Scientists responsible for a "spectacular" discovery earlier this year that could explain Big Bang theory and how the universe was created now admit their evidence may just have been cosmic dust. A Harvard team of physicists announced back in March that it believed it had observed the effects of rapid expansion that would follow the sudden creation of our universe, but the study has gained a vital disclaimer at publication.
The BICEP2 researchers had used a telescope at the South Pole to observe telltale "density perturbations" - the patterns left behind by cosmic gravitational waves - that they argued were evidence of the very first ripples of aggressive expansion, when the universe grew to roughly the size of a marble.
The "B-mode polarization" passing through the Cosmic Microwave Background is too small to see, but the patterns caused by it are not, the researchers suggested.
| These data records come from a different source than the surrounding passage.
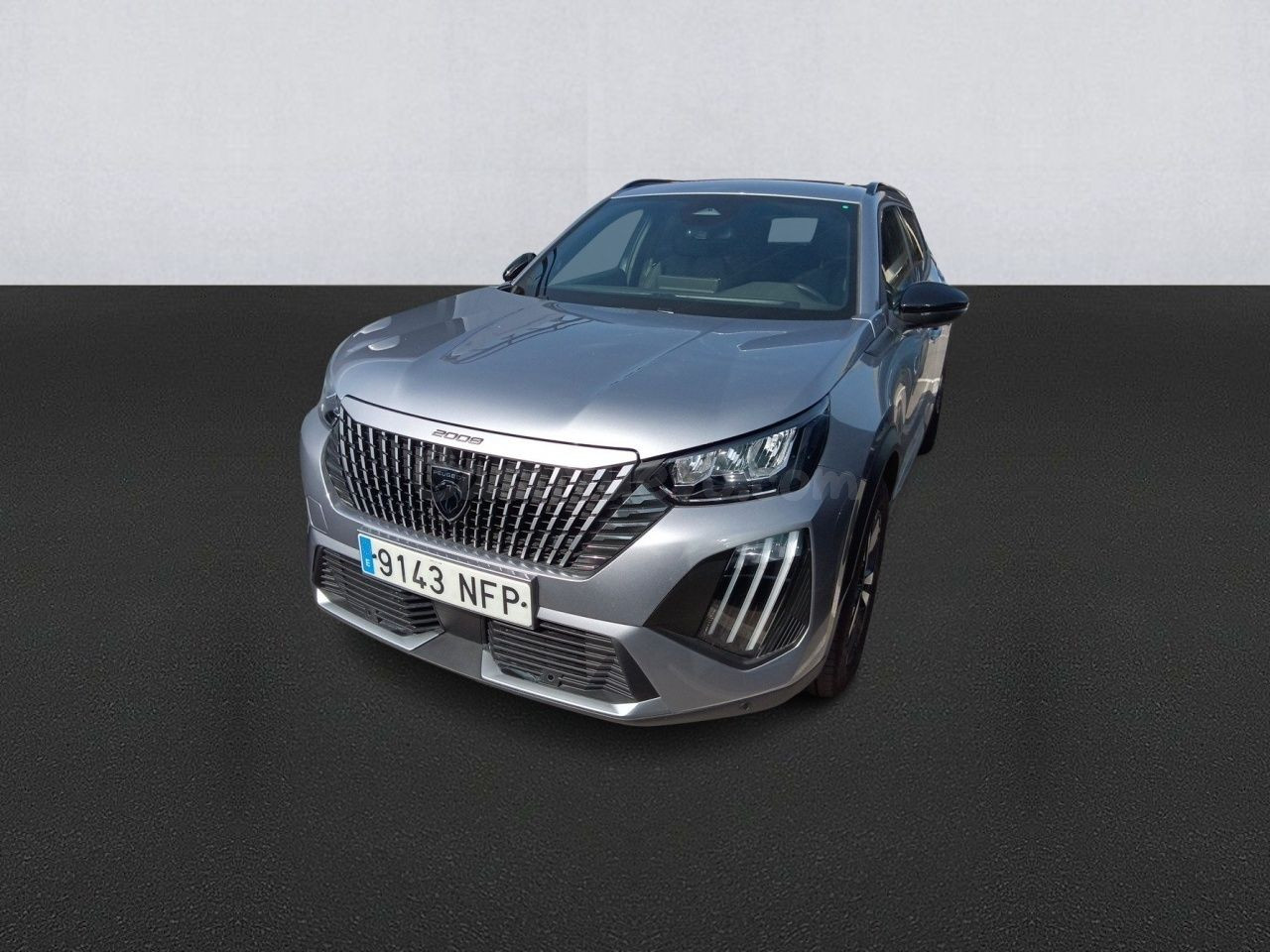 Peugeot 2008 Allure Puretech 100 S&s 6 Vel. Man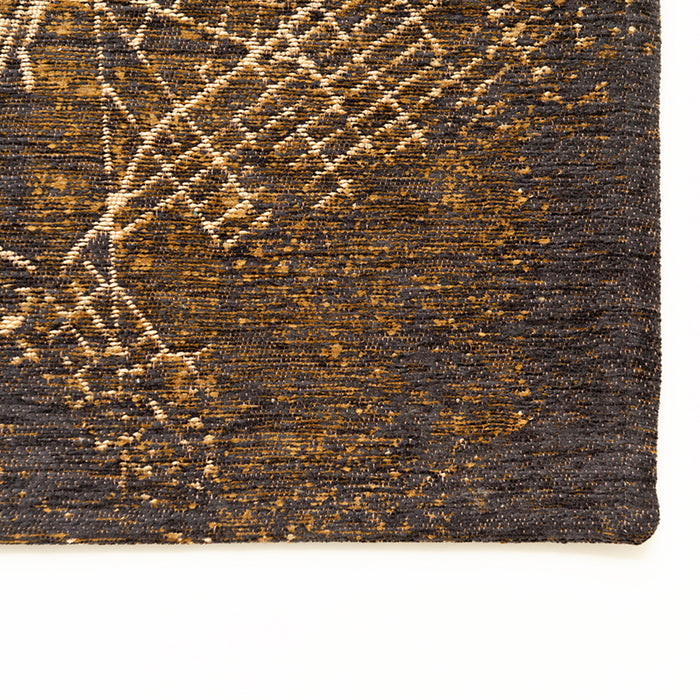 Louis de Poortere Cities Vloerkleed 240 x 340 cm - Gatsby Gold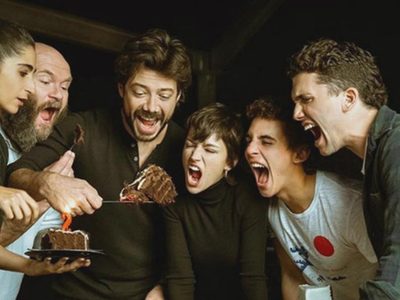Denver y El Profesor de "La casa de papel" se tiran flores en Instagram: "Amigo, qué bonito eres"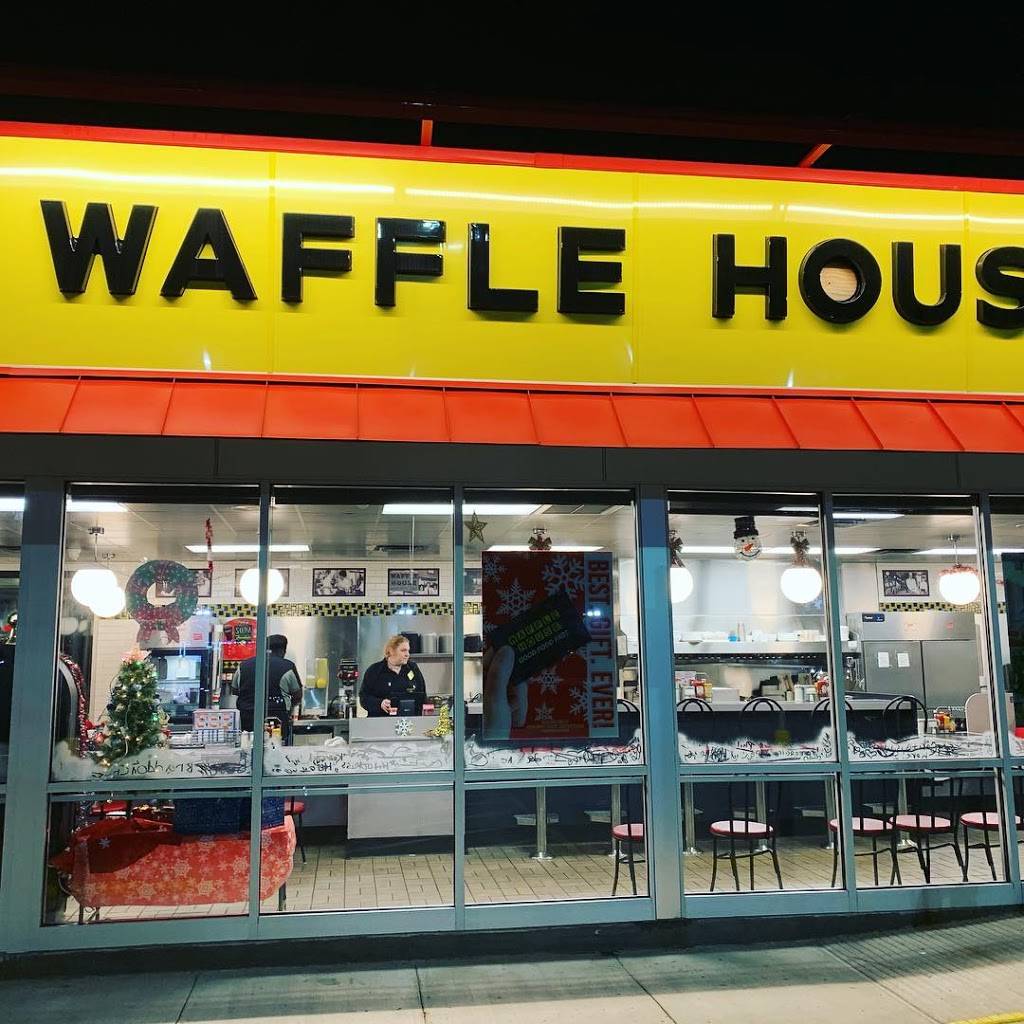 Waffle House | meal takeaway | 13861 Cypress North, Cypress, TX 77429, USA | 3462545109 OR +1 346-254-5109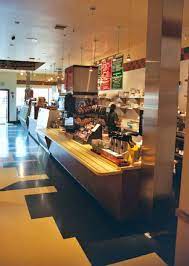 Piccillino S Deli Serving Line Designed By Lu S Design Associates Lighting Design Design Design Projects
Harvard was just one of the teams hunting for the ancient light evidence, and the feeding frenzy on their released data was expected to be ferocious.
In fact, though, it's the physicists themselves who has poured cold water on their discovery. Having finally published their paper this week, a caveat has been added that the observations may be the result of starlight being scattered by dust.
While they still believe they have observed the telltale signs of inflation theory, the team members nonetheless concede that third-party research on polarized dust emission - published since their original findings were released - means further hunting is required before anything conclusive can be established. Although the possible impact of such dust had been taken into account initially, it was not to the extent at which the new research suggested could be the case.
Upcoming data from the Planck satellite could shed light one way or the other, with masses of collected information from the project still needing to be analyzed.